## Task item
Set the whole listing down again, word for word, with no pictures.

## Provided data
┄┄┄┄┄┄┄┄┄┄┄┄┄┄┄┄┄┄┄┄
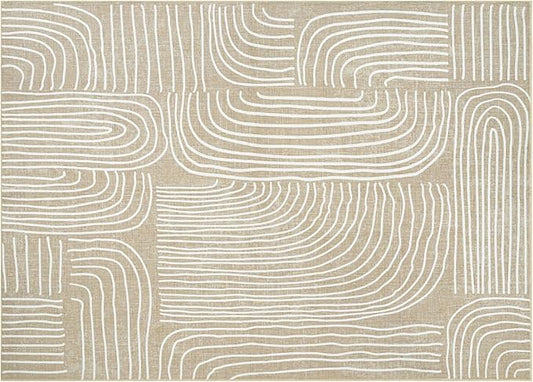 Phantoscope Washable Area Rug 5'x7' Non-Slip, Modern Neutral Boho Rugs for Living Room, Bedroom, Dining Room, Abstract Hand-Drawn Wavy Line Pattern, Low-Pile Foldable Floor Carpet, Beige/Ivory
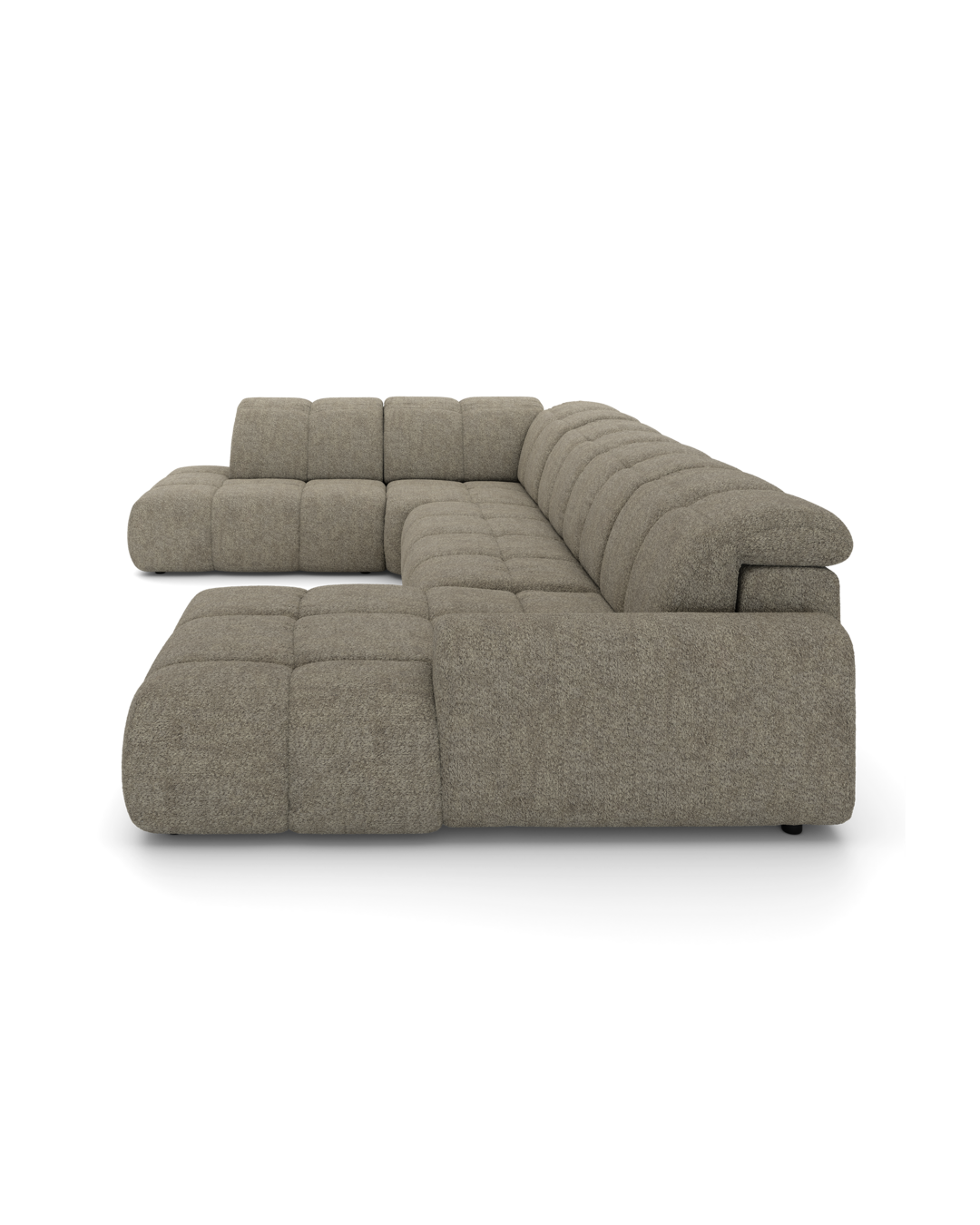 Bullet U-sofa med firkantet hjørne og pufafslutning venstre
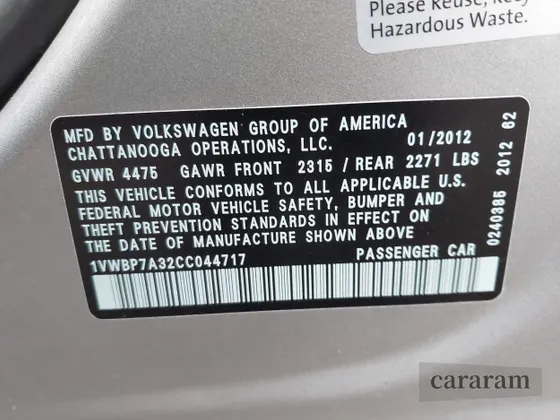 2012 Volkswagen Passat SE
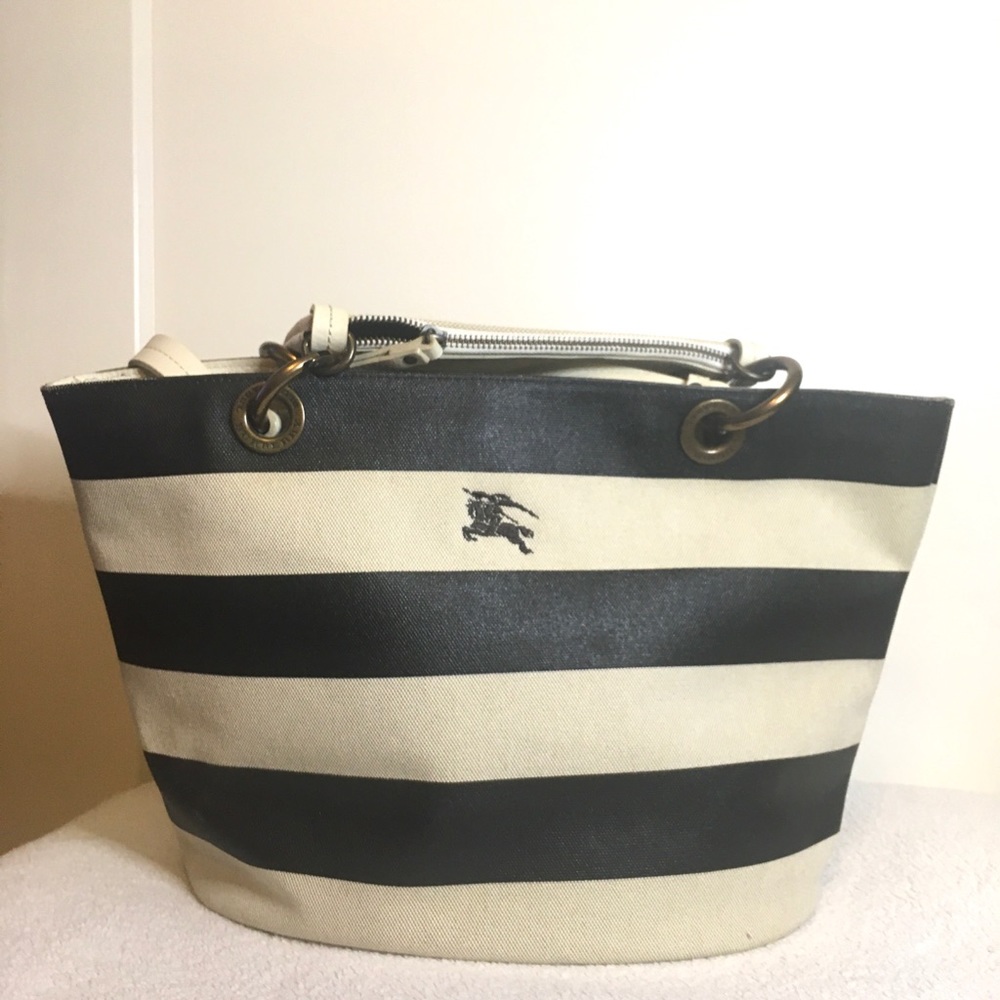 Burberry Blue Label Stripe Canvass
┄┄┄┄┄┄┄┄┄┄┄┄┄┄┄┄┄┄┄┄
## Result below
 Phantoscope Washable Area Rug 5'x7' Non-Slip, Modern Neutral Boho Rugs for Living Room, Bedroom, Dining Room, Abstract Hand-Drawn Wavy Line Pattern, Low-Pile Foldable Floor Carpet, Beige/Ivory
 Bullet U-sofa med firkantet hjørne og pufafslutning venstre
 2012 Volkswagen Passat SE
 Burberry Blue Label Stripe Canvass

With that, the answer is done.